Data for the task =>
====

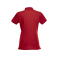 Polo mujer Stretch Premium polo Ladies. Color rojo.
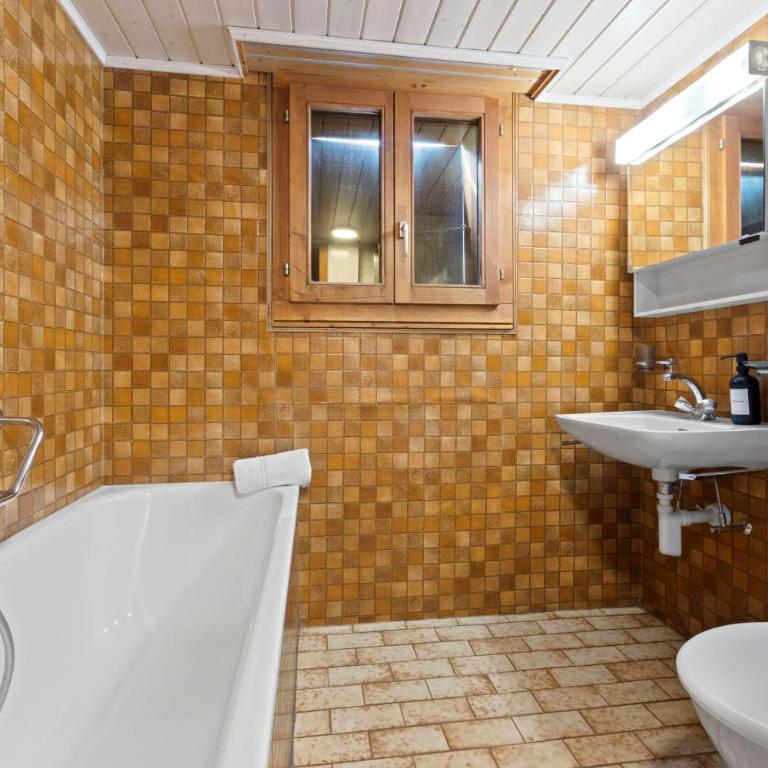 Charmant appartement familiale proche de Saas-Fee - Apartment mit 2 Schlafzimmern - 7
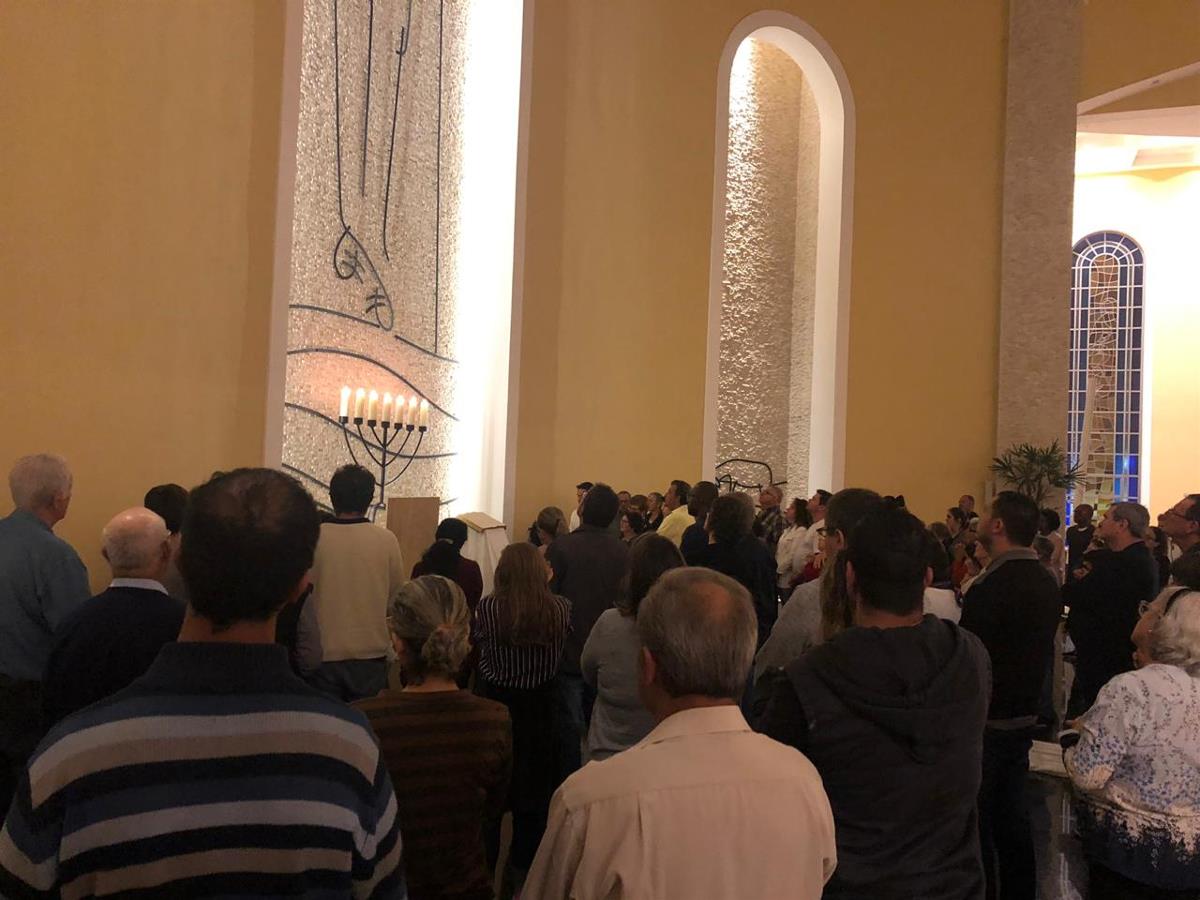 <i>Encontro de Espiritualidade para agentes    (25/08/2019)</i>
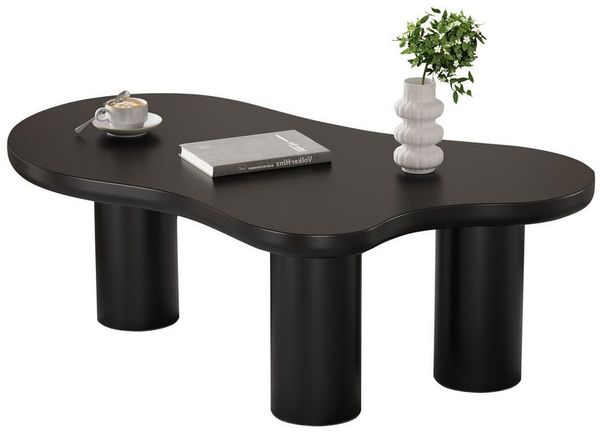Merax Couchtisch Wolke (1-St), Beistelltisch Scandi, Wohnzimmertisch, Kaffetisch, Breite:107cm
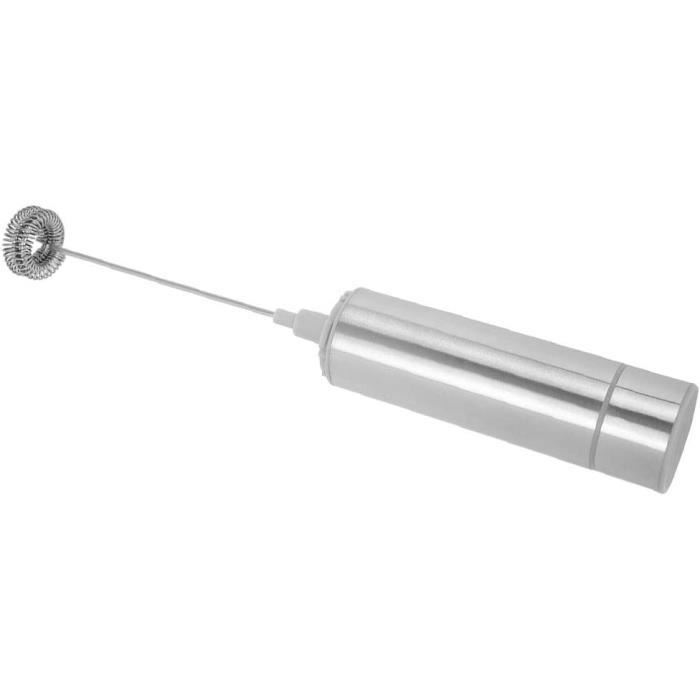 Mini mélangeur à lait électrique Rechargeable 3 têtes USB, portable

====

Your assignment =>
Once the line containing "<i>Encontro de Espiritualidade" is located, write out exactly that line and each one after it to the end of the records above, excluding pictures and nothing else.

Output of the exercise =>
 <i>Encontro de Espiritualidade para agentes    (25/08/2019)</i>
Merax Couchtisch Wolke (1-St), Beistelltisch Scandi, Wohnzimmertisch, Kaffetisch, Breite:107cm
 Mini mélangeur à lait électrique Rechargeable 3 têtes USB, portable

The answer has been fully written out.